Research output: Contribution to journalArticle

15 Citations (Scopus)

Abstract

Background: Coagulation abnormalities contribute to poor outcomes in critically ill patients. In trauma patients exposed to a hot environment, a systemic inflammatory response syndrome, elevated body temperature, and reduced central blood volume occur in parallel with changes in hemostasis and endothelial damage. The objective of this study was to evaluate whether experimentally elevated body temperature and reduced central blood volume (CBV) per se affects hemostasis and endothelial activation. Methods: Eleven healthy volunteers were subjected to heat stress, sufficient to elevate core temperature, and progressive reductions in CBV by lower body negative pressure (LBNP).
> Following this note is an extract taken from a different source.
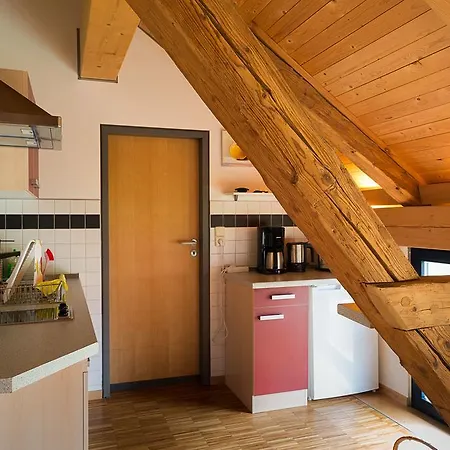 Alte Scheune Rietzschelhof Apartment Muglitztal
Changes in hemostasis were evaluated by whole blood haemostatic assays, standard hematologic tests and by plasma biomarkers of coagulation and endothelial activation/disruption. Results: Elevated body temperature and decreased CBV resulted in coagulation activation evidenced by shortened activated partial tromboplastin time (-9% [IQR-7;-4]), thrombelastography: reduced reaction time (-15% [-24;-4]) and increased maximum amplitude (4% (2; 6)), all P < 0.05. Increased fibrinolysis was documented by elevation of D-dimer (+53% (12; 59), P = 0.016). Plasma adrenaline and noradrenaline increased 198% (83; 346) and 234% (174; 363) respectively (P = 0.006 and P = 0.003). Conclusions: This experiment revealed emerging hypercoagulability in response to elevated body temperature and decreased CBV, whereas no effect on the endothelium was observed. We hypothesize that elevated body temperature and reduced CBV contributes to hypercoagulability, possibly due to moderate sympathetic activation, in critically ill patients and speculate that normalization of body temperature and CBV may attenuate this hypercoagulable response.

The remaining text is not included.